The finding about the importance of parents and their involvement with a child’s learning and schooling comes from the University of Plymouth in the U.K. Here researchers demonstrated that parental engagement has a positive effect. The implications are to find ways so that schools and early years institutions can aid parents so that parents can also contribute to their children’s overall learning.
The research demonstrates that with school-aged children, adopting a home-school partnership delivers greater success for a child’s ability to learn and also with achieving greater academic success.
To make such schemes work effectively, the study also showed that when education establishments seek to personalize communications about a child’s progress, and also make this accessible, then the chances of success are higher. In terms of greater accessibility one example cited was with schools making use of text messages to parents.
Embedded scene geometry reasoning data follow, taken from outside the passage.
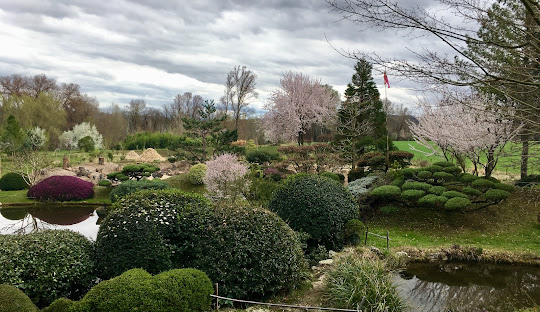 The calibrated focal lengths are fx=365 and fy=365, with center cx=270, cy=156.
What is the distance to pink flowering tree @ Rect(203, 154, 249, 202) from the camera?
9.49 metres

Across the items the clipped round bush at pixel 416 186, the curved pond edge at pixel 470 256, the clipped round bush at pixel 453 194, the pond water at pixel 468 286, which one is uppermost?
the clipped round bush at pixel 416 186

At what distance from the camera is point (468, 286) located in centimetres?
629

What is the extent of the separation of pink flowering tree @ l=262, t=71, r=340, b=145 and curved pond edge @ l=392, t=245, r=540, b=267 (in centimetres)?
1226

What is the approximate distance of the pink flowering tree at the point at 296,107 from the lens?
20.2 m

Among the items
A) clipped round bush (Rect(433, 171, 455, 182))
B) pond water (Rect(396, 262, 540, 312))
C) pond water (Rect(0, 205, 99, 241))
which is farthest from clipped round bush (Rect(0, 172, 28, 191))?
clipped round bush (Rect(433, 171, 455, 182))

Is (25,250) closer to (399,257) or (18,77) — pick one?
(399,257)

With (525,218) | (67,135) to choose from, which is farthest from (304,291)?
(67,135)

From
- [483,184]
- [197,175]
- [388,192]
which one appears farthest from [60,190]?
[483,184]

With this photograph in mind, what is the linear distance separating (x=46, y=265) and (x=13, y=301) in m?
0.97

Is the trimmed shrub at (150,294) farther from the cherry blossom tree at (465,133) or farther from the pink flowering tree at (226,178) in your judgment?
the cherry blossom tree at (465,133)

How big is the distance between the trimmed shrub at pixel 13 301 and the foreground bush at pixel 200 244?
1.19m

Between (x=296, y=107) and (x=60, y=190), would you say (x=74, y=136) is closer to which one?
(x=60, y=190)

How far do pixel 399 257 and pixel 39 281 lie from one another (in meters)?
5.97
In particular the research demonstrated how family literacy interventions can help to increase younger children’s learning. The study also noted that summer reading programs can raise the standard of school-aged children’s learning.
The data used for the assessment was based on a review of international studies plus the output of a survey conduted with head teachers from 180 schools. These quantitative data points were completed with a selection of interviews conducted with school leaders and subject experts.
A further factor for consideration is with the actual activities delivered in or by schools which seek to promote and support parental engagement. A key factor is time – with parents putting aside sufficient time to spend with and engage with their children on learning related activities in the home.
In other research, the scholastic abilities of teachers can be improved by developing teacher incentive schemes. Researchers discovered that teacher incentive pay programs that come with regular feedback to the teacher help to make incentive programs more effective and these help to improve teaching practices.